(Data to use begins)
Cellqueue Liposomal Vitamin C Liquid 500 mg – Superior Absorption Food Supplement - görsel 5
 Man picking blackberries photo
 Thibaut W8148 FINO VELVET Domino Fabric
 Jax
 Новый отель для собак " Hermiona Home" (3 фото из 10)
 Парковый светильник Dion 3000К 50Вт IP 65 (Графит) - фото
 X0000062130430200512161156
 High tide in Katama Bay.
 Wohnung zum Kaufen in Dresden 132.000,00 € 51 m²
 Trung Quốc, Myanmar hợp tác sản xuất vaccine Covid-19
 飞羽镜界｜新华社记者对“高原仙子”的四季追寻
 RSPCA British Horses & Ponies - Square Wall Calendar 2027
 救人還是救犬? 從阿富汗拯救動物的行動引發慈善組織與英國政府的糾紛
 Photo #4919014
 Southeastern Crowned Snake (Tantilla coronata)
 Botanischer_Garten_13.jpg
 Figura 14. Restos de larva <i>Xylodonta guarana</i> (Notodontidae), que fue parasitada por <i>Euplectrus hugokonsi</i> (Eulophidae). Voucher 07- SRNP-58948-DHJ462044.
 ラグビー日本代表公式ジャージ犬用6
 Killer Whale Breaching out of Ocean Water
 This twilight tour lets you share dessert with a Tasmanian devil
(Data to use ends)
The reply is a bare number, the count of lines in these entries that hold the word "фото".

2